Work task =>
Below are records with pictures in them. Output exactly the lines from the one with "Poster - A conceptual" through the one with "Obey Worldwide Cultivate", both included, and leave every picture out; give only those lines.

Dataset entries =>
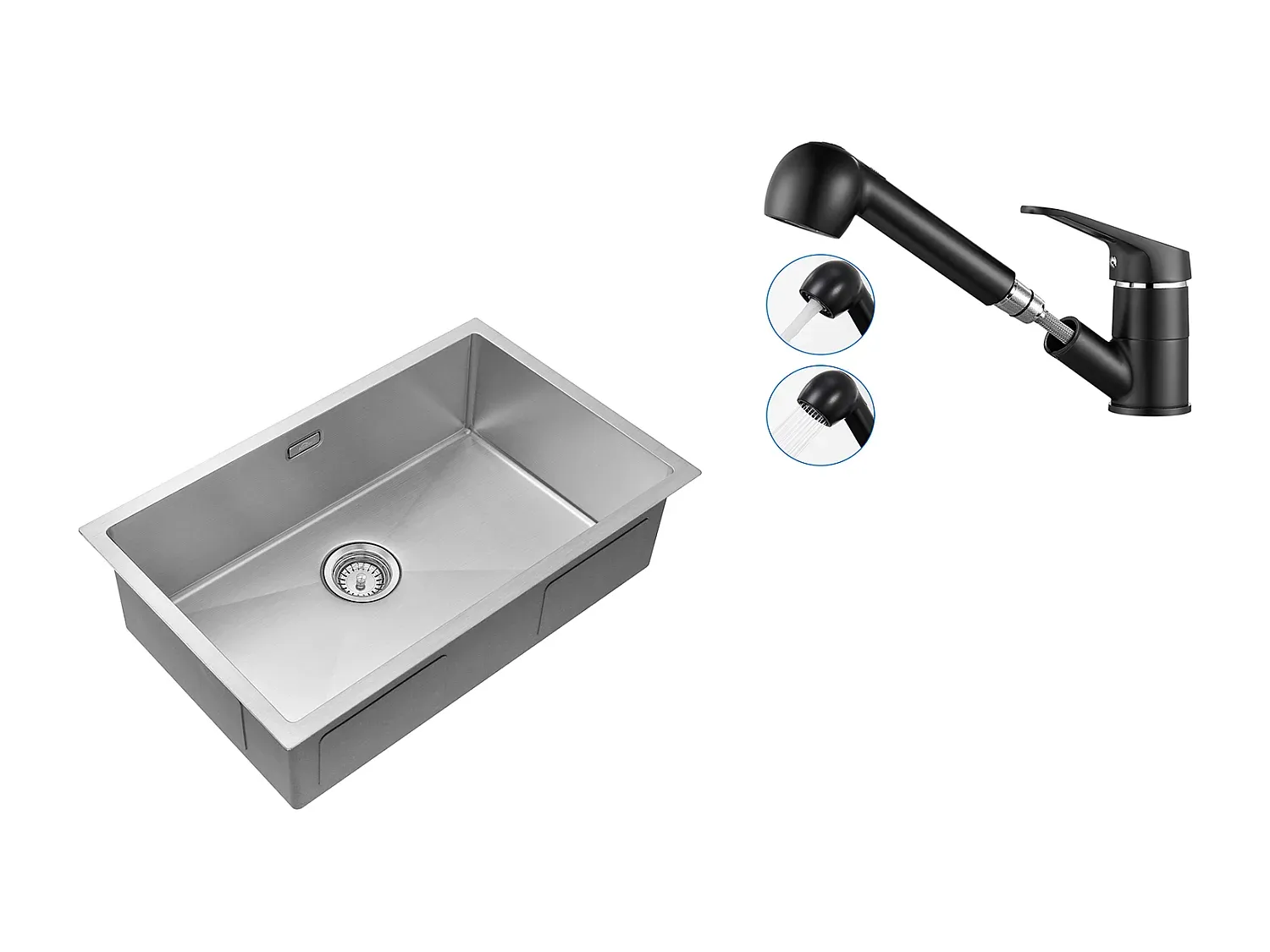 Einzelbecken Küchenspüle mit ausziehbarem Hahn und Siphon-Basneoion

* * *

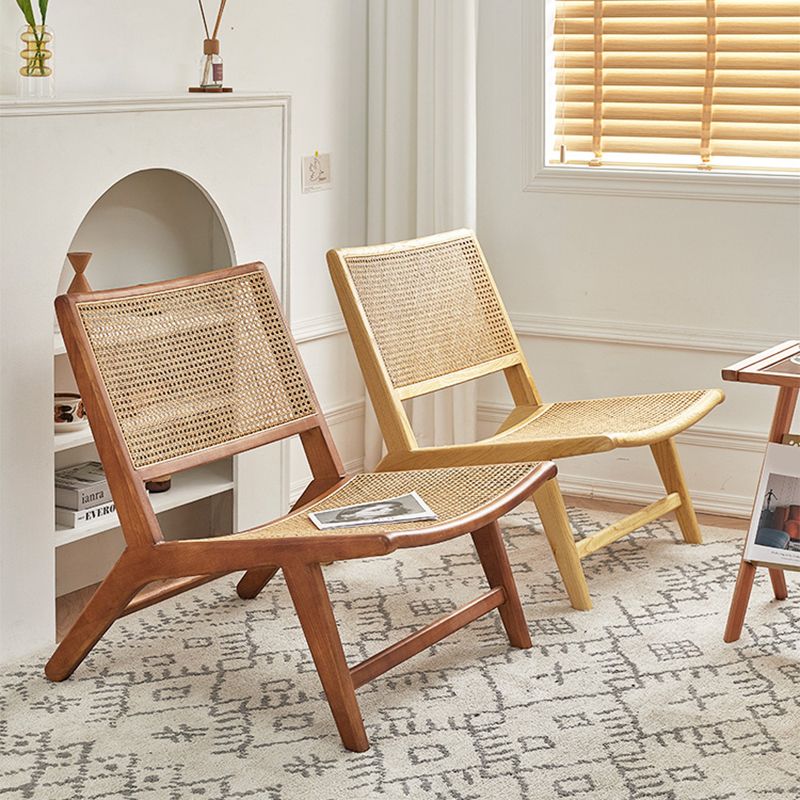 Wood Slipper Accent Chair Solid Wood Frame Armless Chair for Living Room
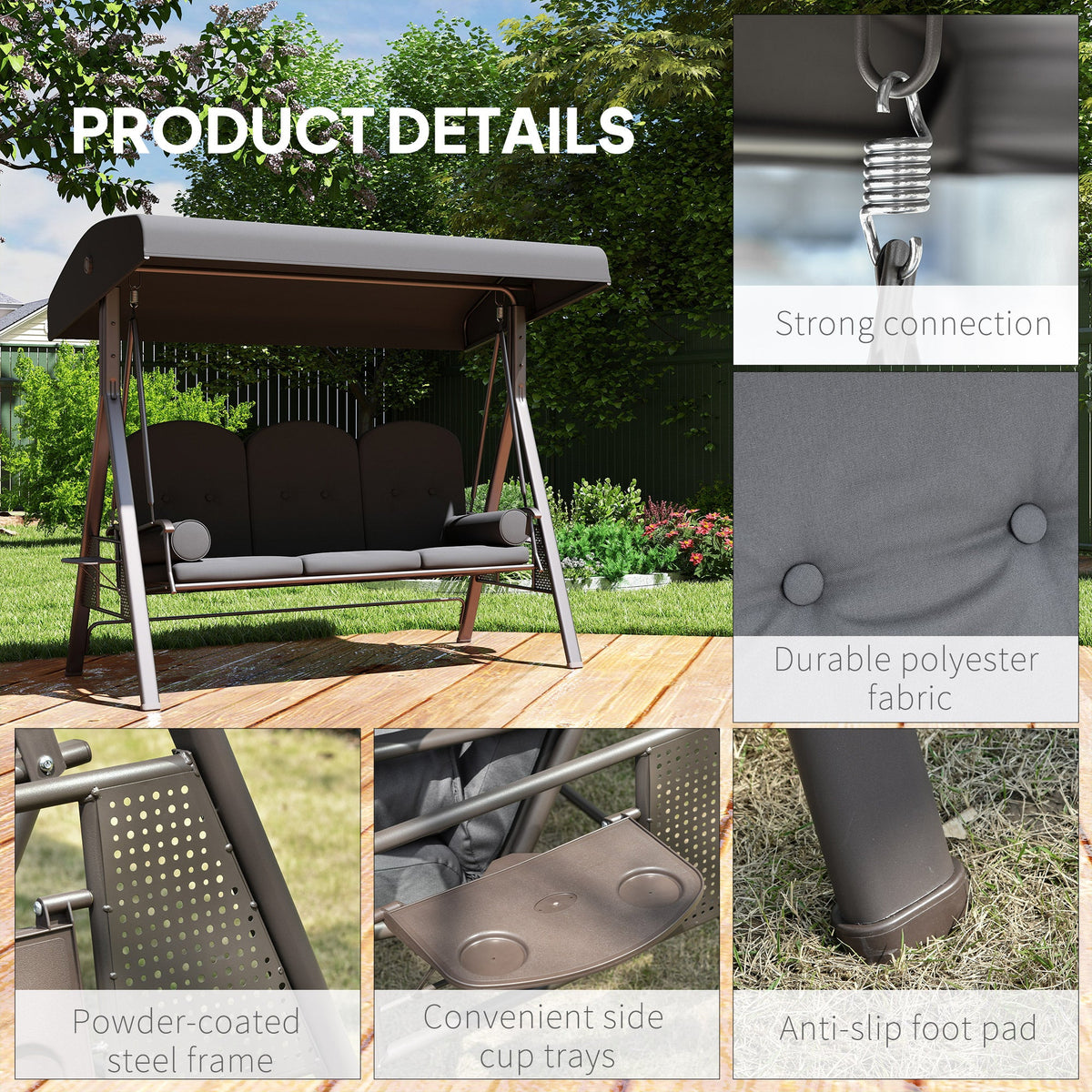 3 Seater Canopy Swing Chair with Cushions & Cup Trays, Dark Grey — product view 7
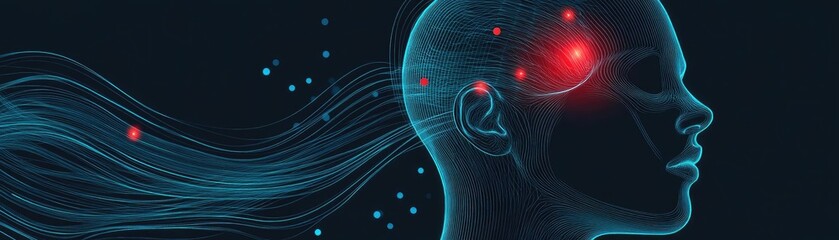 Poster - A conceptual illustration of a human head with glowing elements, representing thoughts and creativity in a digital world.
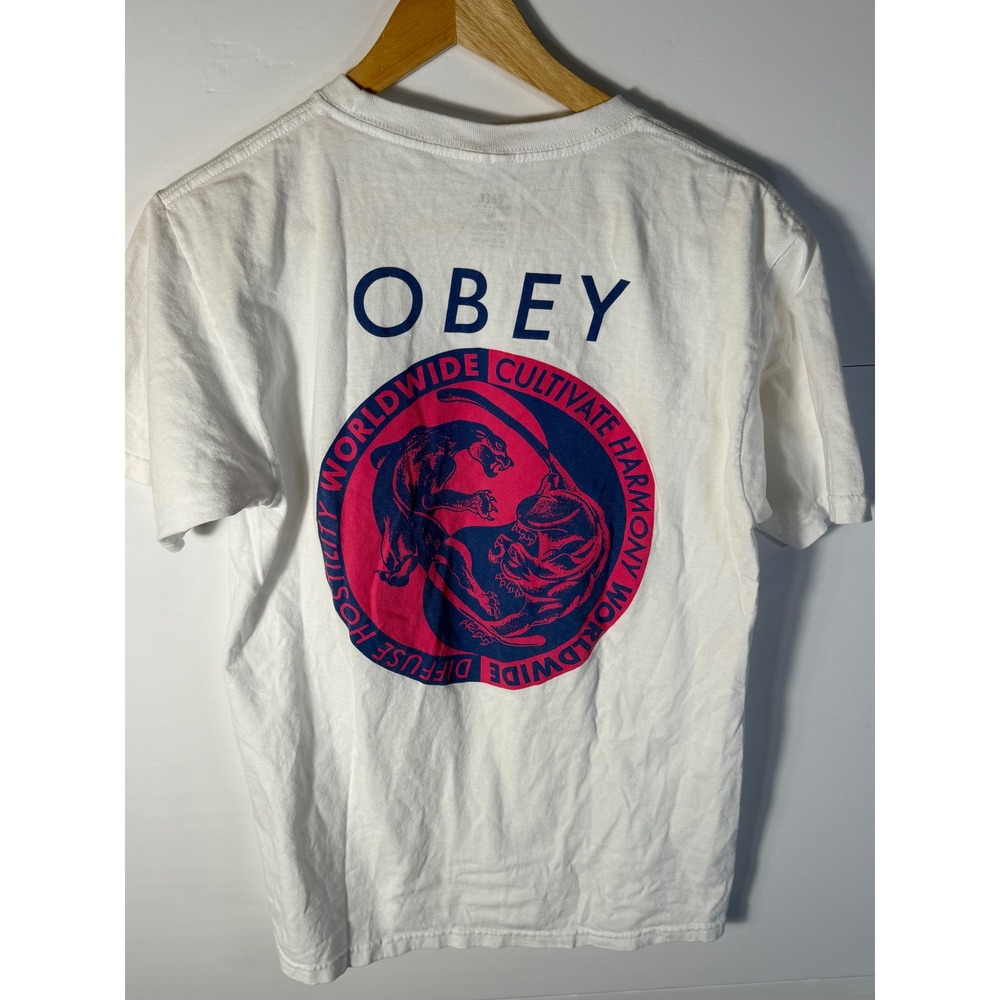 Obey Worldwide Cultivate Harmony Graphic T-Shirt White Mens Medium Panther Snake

Output below =>
 Poster - A conceptual illustration of a human head with glowing elements, representing thoughts and creativity in a digital world.
 Obey Worldwide Cultivate Harmony Graphic T-Shirt White Mens Medium Panther Snake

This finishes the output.